Apr 5

(This is Part 4 in a series. Go back to Part 3.)

This morning I happened to see an ad for an SUV in the paper. It featured zero% financing, zero down payment and zero first month's payment. The average "incentive" in an auto sale is now pushing $3000. Hmm. Does this smack of a certain desperation in selling vehicles?

We live in a time when you can get a 7-year loan for your vehicle. We live in an era when banks are now financing —get this—an average of 100.9% of new cars and trucks. And 40% of new-car buyers are "upside-down" when they come in—that is, they owe more on their trade-in vehicle than the vehicle is worth. Debt, anyone?

Or how about houses? Recent innovations in the housing market include no-down-payment mortgages, interest-only
mortgages, and mortgages for greater than 100% of the cost of the house.

As I write this, people in Washington, D.C. are camping out to be first in line for condos still being built. Condo prices in New York City were up 40% last year. "All signs point to buy; everybody is in love with real estate," says a real estate broker.

Meanwhile, houses in California are up 100% in six years, 44% in the last two. California condos have surged 116% in six years. The median home price rose $19,390 in 1999, $25,880 in 2000, $37,940 in 2001, $57,510 in 2002 and $65,680 in 2003. Acceleration, anyone?

Mortgages? U.S. mortgage credit grew an average of $276 billion per year in the 1990's. And 2003? Last year mortgage credit surged by 1 trillion dollars. Home equity as a percentage of home price is now the lowest in history.

U.S. Household real estate has risen in three years from 118% of GDP to 147% of GDP, the highest in history. Total U.S. Mortgage Debt has risen 50% in just 3 years.

And these levitations are not just a U.S. phenomenon. House prices have been surging at double-digit rates in Britain (17.1% last year), Australia (17.3%), Spain, Canada, Italy, France, etc.

Finally, the key ratio of housing prices to income has reached all-time highs in the United States, Australia, Britain, Spain, the Netherlands, Ireland, and is hovering near all-time highs in many other countries.

To make matters even more interesting, cash is being pulled out of houses at a prodigious rate through mortgage refis. U.S. homeowners extracted half a trillion dollars from their homes last year, which is over 25% of the total deposits in banks. Essentially, real estate is being used as a gigantic ATM machine.

Real blue-collar wages have been declining for 30 years now. White-collar salaries are not keeping pace with inflation. Prodigious tax cuts are targeted mainly to the rich. Where does this leave the consumer?

The strapped consumer—whose ratio of indebtedness to income is at an all-time historic high—is now using home equity extraction as the main source of purchasing power in the economy. This debt-based liquidity is then being funneled (85% last year) into further asset purchases in a self-reinforcing spiral.

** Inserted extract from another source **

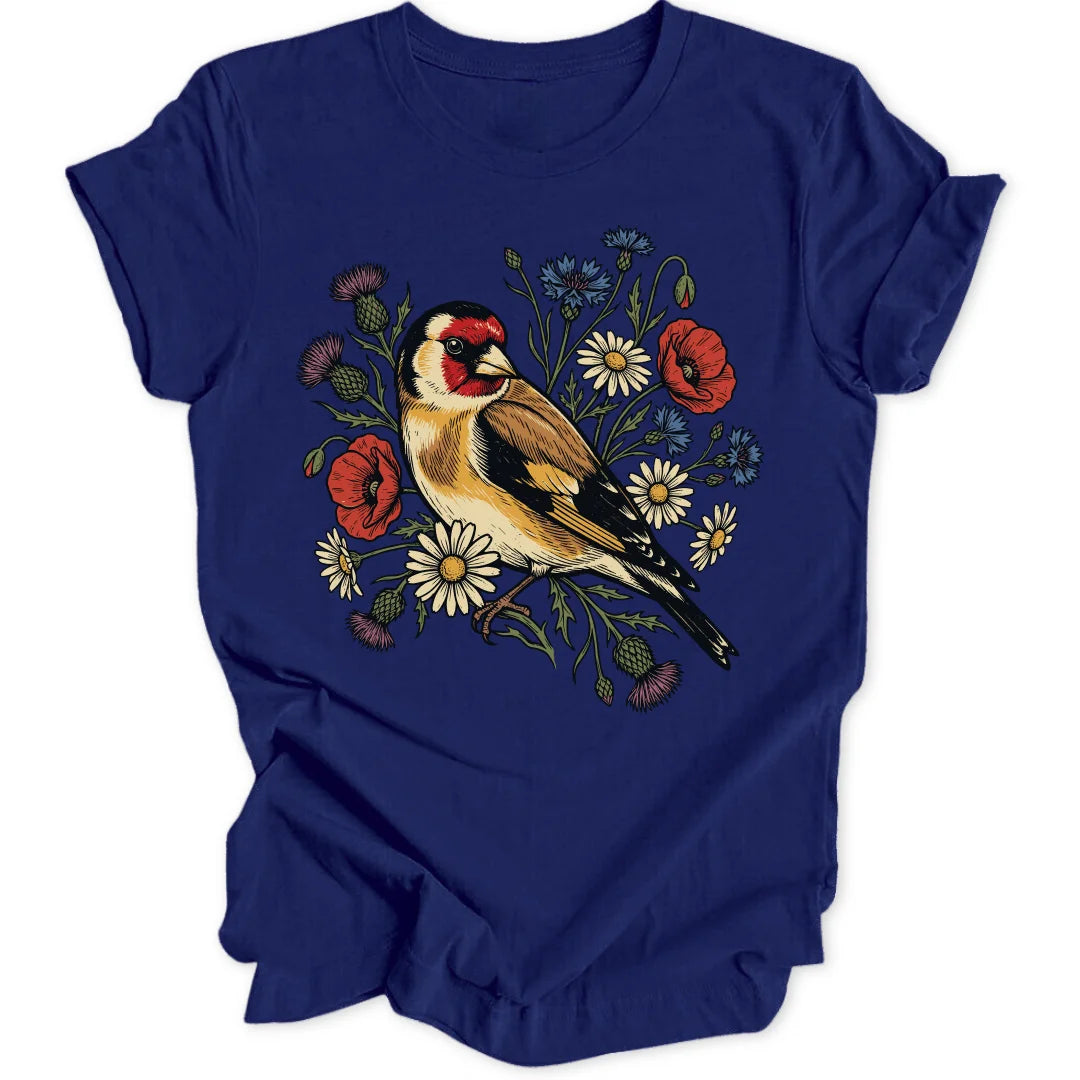 Floral Goldfinch - Navy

This seems like a fairyland, global society's discovery of a quick and easy way to so-called wealth creation through debt-fueled asset bubbles. No longer is savings from productive effort and investment in productive capacity required to build a society's wealth.

It would be interesting if this process could continue forever. But it is the very nature of credit bubbles that ever-greater credit excess is needed to sustain them, and this ever-increasing excess in turn fuels greater and greater distortions in the economy—from debt burdens, imprudent investments and mal-directed resources.

Eventually, these distortions bring about the inevitable collapse of the bubble. And the longer the excesses of the bubble are allowed to continue, the greater and more catastrophic is the ultimate bust.

In the developed countries of the world, real estate ($40 trillion) is now even more important as an asset class than equities ($23 trillion). Thus the coming collapse of the housing bubble will likely have an even greater effect on the global economy than a stock price collapse.

The bottom line of all this is that, in order to maintain itself now, the global economy requires an ever-greater and magical asset inflation—fueled by, and fueling in turn, ever-increasing doses of credit gluttony.

Our Great Global Financial Bubble—first in stocks and then in credit, bonds and now real estate—is an order of magnitude larger than the Great Financial Bubble of 1896 to 1929. So it is probable that the resulting collapse will this time also be an order of magnitude larger.

This collapse will have been caused by the parabolic and unsustainable excesses of the previous expansion, but the bust will inevitably create an ardent search for scapegoats and villains on which to blame the catastrophe. Naturally, that which is sought for will be found.